A hurry of hoofs in a village street,
A shape in the moonlight, a bulk in the dark,
And beneath, from the pebbles, in passing, a spark
Struck out by a steed flying fearless and fleet;
That was all! And yet, through the gloom and the light,
The fate of a nation was riding that night;
And the spark struck out by that steed, in his flight,
Kindled the land into flame with its heat.
He has left the village and mounted the steep,
And beneath him, tranquil and broad and deep,
Is the Mystic, meeting the ocean tides;
And under the alders that skirt its edge,
Now soft on the sand, now loud on the ledge,
Is heard the tramp of his steed as he rides.
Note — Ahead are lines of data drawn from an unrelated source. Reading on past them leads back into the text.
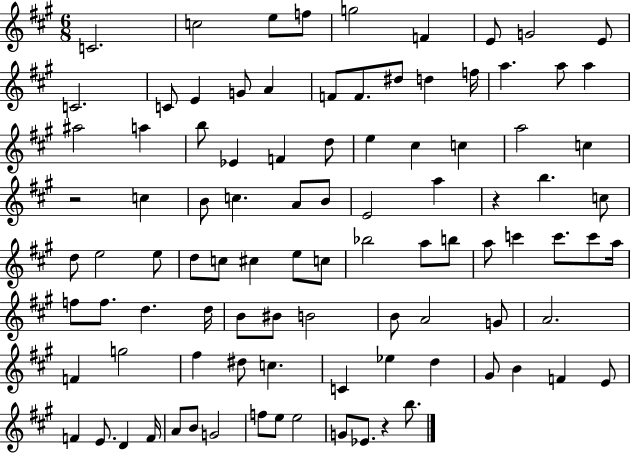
C4/h. C5/h E5/e F5/e G5/h F4/q E4/e G4/h E4/e C4/h. C4/e E4/q G4/e A4/q F4/e F4/e. D#5/e D5/q F5/s A5/q. A5/e A5/q A#5/h A5/q B5/e Eb4/q F4/q D5/e E5/q C#5/q C5/q A5/h C5/q R/h C5/q B4/e C5/q. A4/e B4/e E4/h A5/q R/q B5/q. C5/e D5/e E5/h E5/e D5/e C5/e C#5/q E5/e C5/e Bb5/h A5/e B5/e A5/e C6/q C6/e. C6/e A5/s F5/e F5/e. D5/q. D5/s B4/e BIS4/e B4/h B4/e A4/h G4/e A4/h. F4/q G5/h F#5/q D#5/e C5/q. C4/q Eb5/q D5/q G#4/e B4/q F4/q E4/e F4/q E4/e. D4/q F4/s A4/e B4/e G4/h F5/e E5/e E5/h G4/e Eb4/e. R/q B5/e. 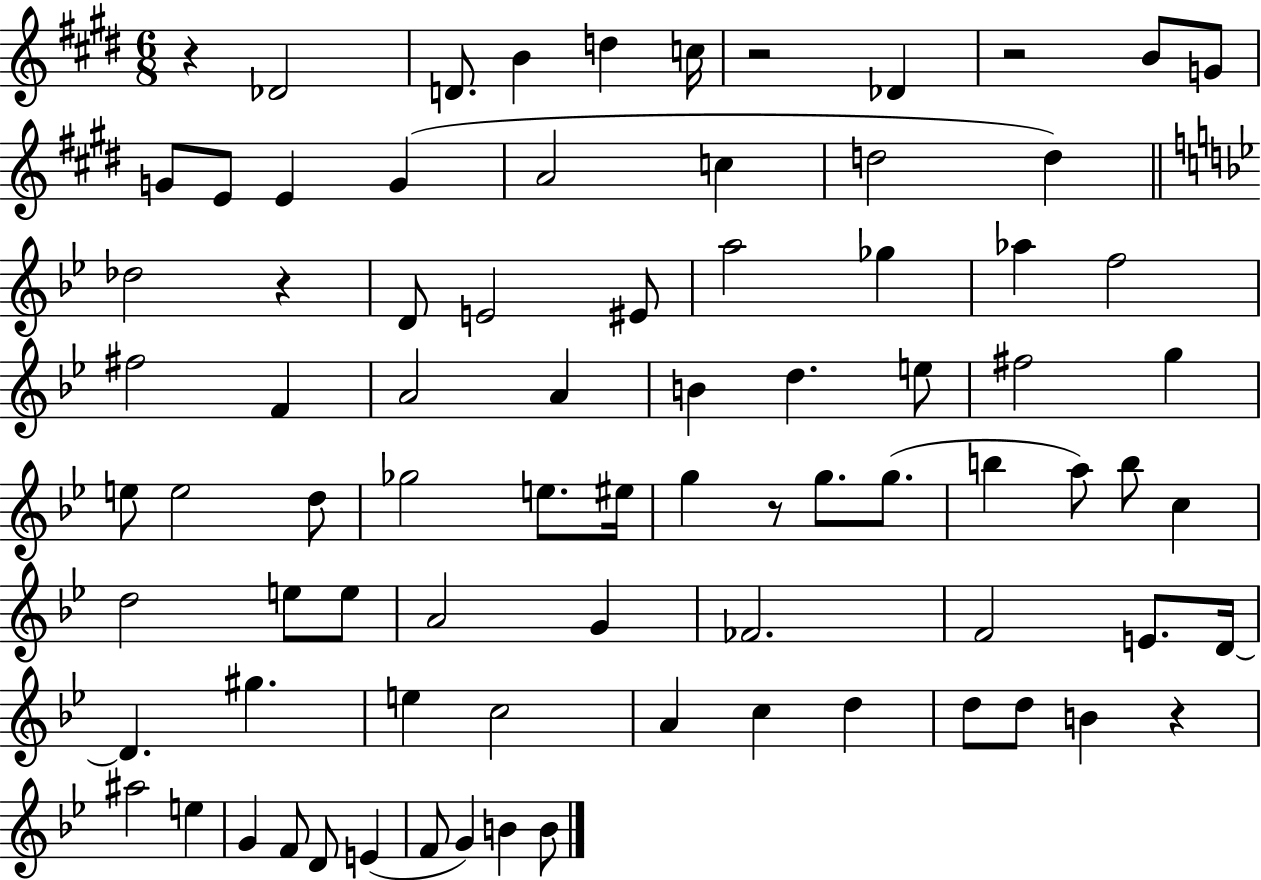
{
  \clef treble
  \numericTimeSignature
  \time 6/8
  \key e \major
  r4 des'2 | d'8. b'4 d''4 c''16 | r2 des'4 | r2 b'8 g'8 | \break g'8 e'8 e'4 g'4( | a'2 c''4 | d''2 d''4) | \bar "||" \break \key g \minor des''2 r4 | d'8 e'2 eis'8 | a''2 ges''4 | aes''4 f''2 | \break fis''2 f'4 | a'2 a'4 | b'4 d''4. e''8 | fis''2 g''4 | \break e''8 e''2 d''8 | ges''2 e''8. eis''16 | g''4 r8 g''8. g''8.( | b''4 a''8) b''8 c''4 | \break d''2 e''8 e''8 | a'2 g'4 | fes'2. | f'2 e'8. d'16~~ | \break d'4. gis''4. | e''4 c''2 | a'4 c''4 d''4 | d''8 d''8 b'4 r4 | \break ais''2 e''4 | g'4 f'8 d'8 e'4( | f'8 g'4) b'4 b'8 | \bar "|."
}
It was twelve by the village clock
When he crossed the bridge into Medford town.
He heard the crowing of the cock,
And the barking of the farmer’s dog,
And felt the damp of the river fog,
That rises after the sun goes down.

It was one by the village clock,
When he galloped into Lexington.
He saw the gilded weathercock
Swim in the moonlight as he passed,
And the meeting-house windows, black and bare,
Gaze at him with a spectral glare,
As if they already stood aghast
At the bloody work they would look upon.

It was two by the village clock,
When he came to the bridge in Concord town.
He heard the bleating of the flock,
And the twitter of birds among the trees,
And felt the breath of the morning breeze
Blowing over the meadow brown.
And one was safe and asleep in his bed
Who at the bridge would be first to fall,
Who that day would be lying dead,
Pierced by a British musket ball.

You know the rest. In the books you have read
How the British Regulars fired and fled,—
How the farmers gave them ball for ball,
>From behind each fence and farmyard wall,
Chasing the redcoats down the lane,
Then crossing the fields to emerge again
Under the trees at the turn of the road,
And only pausing to fire and load.

So through the night rode Paul Revere;
And so through the night went his cry of alarm
To every Middlesex village and farm,—
A cry of defiance, and not of fear,
A voice in the darkness, a knock at the door,
And a word that shall echo for evermore!
For, borne on the night-wind of the Past,
Through all our history, to the last,
In the hour of darkness and peril and need,
The people will waken and listen to hear
The hurrying hoof-beats of that steed,
And the midnight message of Paul Revere.